Chilean filmmaker, Pablo Larraín [Tony Manero (2008), No (2012), Neruda (2016), Jackie (2016)] in this sublime ‘fable from a true story’ imagines a Christmas weekend at Sandringham in the early 1990s, as an unhappy Princess Diana contemplates ending her marriage to Prince Charles and leaving the British Royal Family forever.
Sandringham, Christmas 1991. Bare trees, frosted fields, dead pheasants on the drive, this biographical psychological drama takes place over a festive period weekend. As played with intoxicating, mesmerising perfection by Kristen Stewart [Personal Shopper (2016), Clouds of Sils Maria (2014), The Twilight Saga (2008 -2012)], who dominates almost every scene, Diana, Princess of Wales (née Spencer) is suffocating, showing only flashes of her former effervescence. The world’s most scrutinised persona since she began living the fairy-tale life of a girl who grew up to marry a prince; in reality, her husband rather publicly loves someone else. She’s also suffocating under the expectations of total subservience to Royal protocol.
From a beautiful script by Steven Knight (Peaky Blinders), Larraín adroitly depicts a world in which every polished spoon and heavy curtain, every steely stare from staff, even a seemingly ‘jolly’ Christmas tradition, all express Her Majesty’s disapproval of the young princess.
A star-studded cast – including Timothy Spall as Major Alistair Gregory, with responsibility to keep Diana in line, Sean Harris, the head chef and Sally Hawkins as her preferred personal maid – also feature in this impressionistic and expressionistic poignant and powerful tale.
The exquisite mis en scene and craftsmanship combine with director of photography Claire Mathon’s (Portrait of a Lady on Fire) universe of colour emerging from the muted environments designed by Guy Hendrix Dyas, creating breathtaking visuals.
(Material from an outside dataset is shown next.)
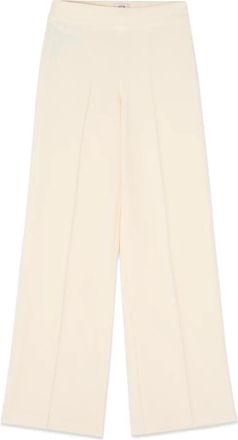 Oltre Wide-leg Palazzo Broek - Dames - Wijde Broeken - Wit - XL - Leer - Broeken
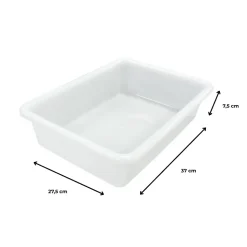 Lot de 6 bacs blanches alimentaires (5,6l - avec couvercle) - Cuisines, restaurants, boucheries, poissonneries, écoles, traiteurs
Jonny Greenwood’s groundbreaking score illuminates Diana’s internal tussle with solo piano and strings. It is oppressive with Baroque orchestration to reflect tradition and then free jazz for Diana and her inner turmoil.
Stewart and Larraín deliver a finale that is simultaneously heartbreaking and heartstopping in Pablo Larraín’s unreverential entirely compelling film.